I guess I might have a different take. After homeschooling for 22 years...I am feeling book-urdened.
Too much is...well, too much. Yet, I enjoy browsing the library book sale every year for fun. My rule...if I bring a book in this house...one has to leave
My older kids have different tastes than my middle ones...so this is a challenge too.

I find that my younger kids don't even go to the bookshelves much. But if I bring a book home from the library (even a semi-less-than-stellar book), they want me to read and reread it. Ummm....
Meanwhile, my shelves are full of what I consider - great books!

The books are very accessible to the kids. I think it is like toys. Put them away for a while and then bring them back as "new" later on. But how to do that with books - like I have the time to reshelve books?

That said, sometimes I just get tired of even the good books. I have been know to pass some of these on because, well, I just get tired of reading them. But I know they are blessing someone else right now.

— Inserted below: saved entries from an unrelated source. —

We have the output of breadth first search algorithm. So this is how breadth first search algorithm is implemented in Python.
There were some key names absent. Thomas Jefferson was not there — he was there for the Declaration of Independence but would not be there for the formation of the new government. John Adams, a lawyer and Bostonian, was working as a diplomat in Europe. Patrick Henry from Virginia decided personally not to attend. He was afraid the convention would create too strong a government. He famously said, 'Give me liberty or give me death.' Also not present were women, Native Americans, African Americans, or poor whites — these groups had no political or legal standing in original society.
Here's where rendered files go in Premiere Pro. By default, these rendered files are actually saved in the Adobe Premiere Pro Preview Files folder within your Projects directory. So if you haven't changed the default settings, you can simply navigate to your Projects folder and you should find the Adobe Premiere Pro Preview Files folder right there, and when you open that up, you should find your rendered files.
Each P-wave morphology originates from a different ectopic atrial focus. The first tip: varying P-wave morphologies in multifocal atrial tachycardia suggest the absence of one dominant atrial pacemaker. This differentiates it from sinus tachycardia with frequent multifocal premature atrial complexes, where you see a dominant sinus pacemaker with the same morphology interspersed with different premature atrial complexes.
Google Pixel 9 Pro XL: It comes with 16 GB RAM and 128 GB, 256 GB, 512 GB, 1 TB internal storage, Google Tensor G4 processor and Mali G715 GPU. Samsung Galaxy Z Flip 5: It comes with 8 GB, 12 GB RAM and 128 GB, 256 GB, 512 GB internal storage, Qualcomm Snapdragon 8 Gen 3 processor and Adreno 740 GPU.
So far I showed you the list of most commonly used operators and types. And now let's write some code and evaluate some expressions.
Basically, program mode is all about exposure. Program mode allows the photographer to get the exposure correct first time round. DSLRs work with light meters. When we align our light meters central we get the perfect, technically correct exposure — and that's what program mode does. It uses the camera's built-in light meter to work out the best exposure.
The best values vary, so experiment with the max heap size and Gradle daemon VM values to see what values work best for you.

To store or not to store....In perspective - how long will it be before I will be able to read that tome on philosophy or Church history or the 800 paged book on Catherine the Great? Just how many books like this do I need? I haven't made it past page 100 on Walsh's books and I really want to. Realistically it will be another 10 years before I will have time since the little one is just 2 years old.

Will some else be blessed by it by then? I struggle with some of these questions, but I see my mother's dilemma too. She collected books, shelved them, reshelved them and now doesn't know what to do with them all. In fact, they sometimes "bother" her. If she lends them out, they don't come back. However, she also isn't in any way going to read 98% of what she has.

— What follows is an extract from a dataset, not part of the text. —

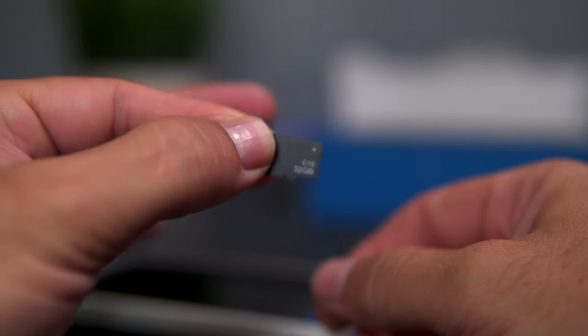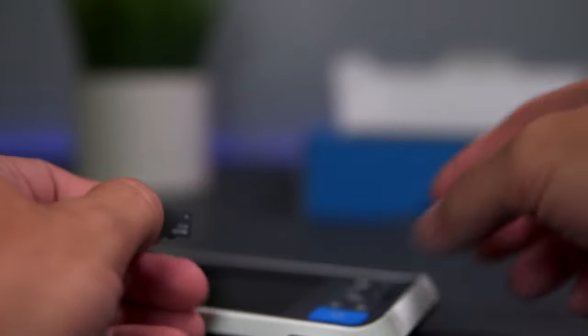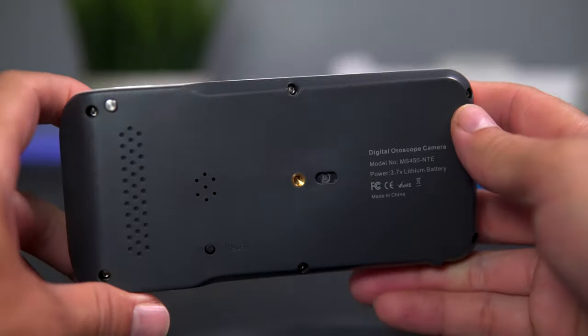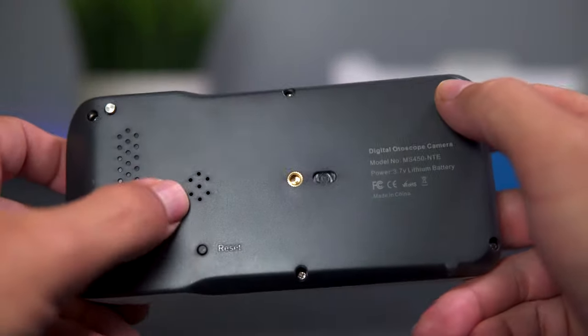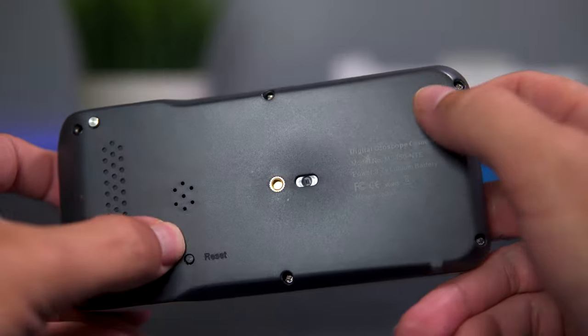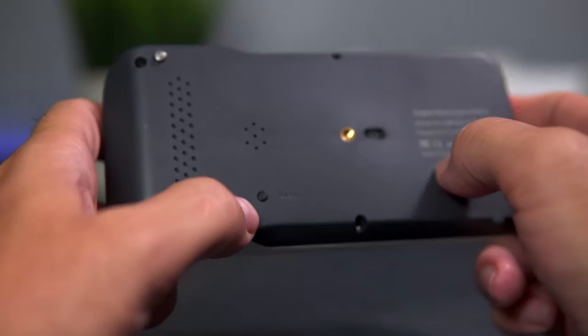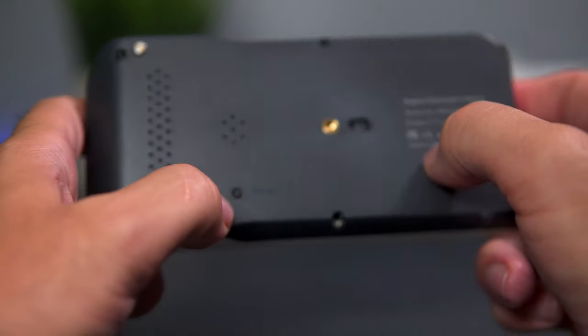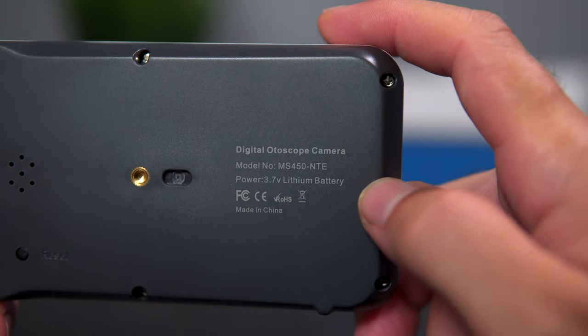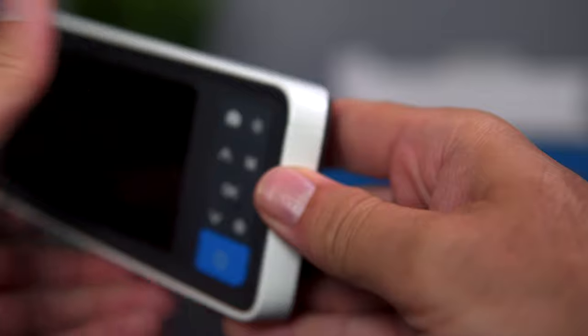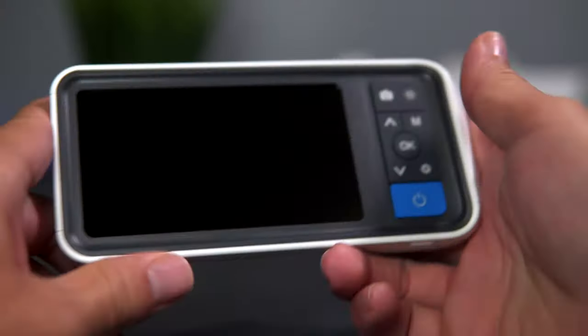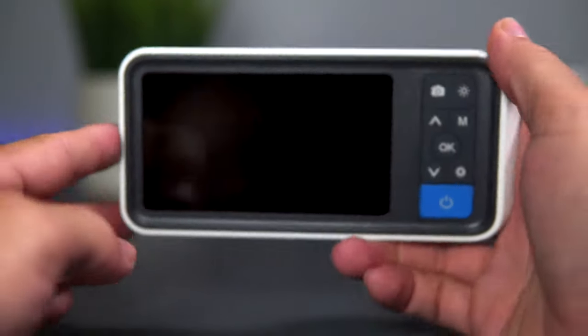Here we have the back—looks like a speaker grill here, a mounting point, a little reset button, and more information about the device. Obviously it is rechargeable, which is very nice because it's portable.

My son returned from the monastery and we now get all kinds of great visitors passing through and stopping off her for the night, etc. One young man entered the seminary this fall and boy, could I give him a good portion of my Catholic history books. I know I need to go through and send him one a semester - he went to Catholic school through high school and was unaware of the French Revolution, St. John Vianney, etc. I gave him a lecture on CD on the Vendee and he said (honestly) he got very little out of it. He wanted me to tell him the "whole story". Well, some of my books would help him become a better and more knowledgeable priest.

What to do???? Interesting problem.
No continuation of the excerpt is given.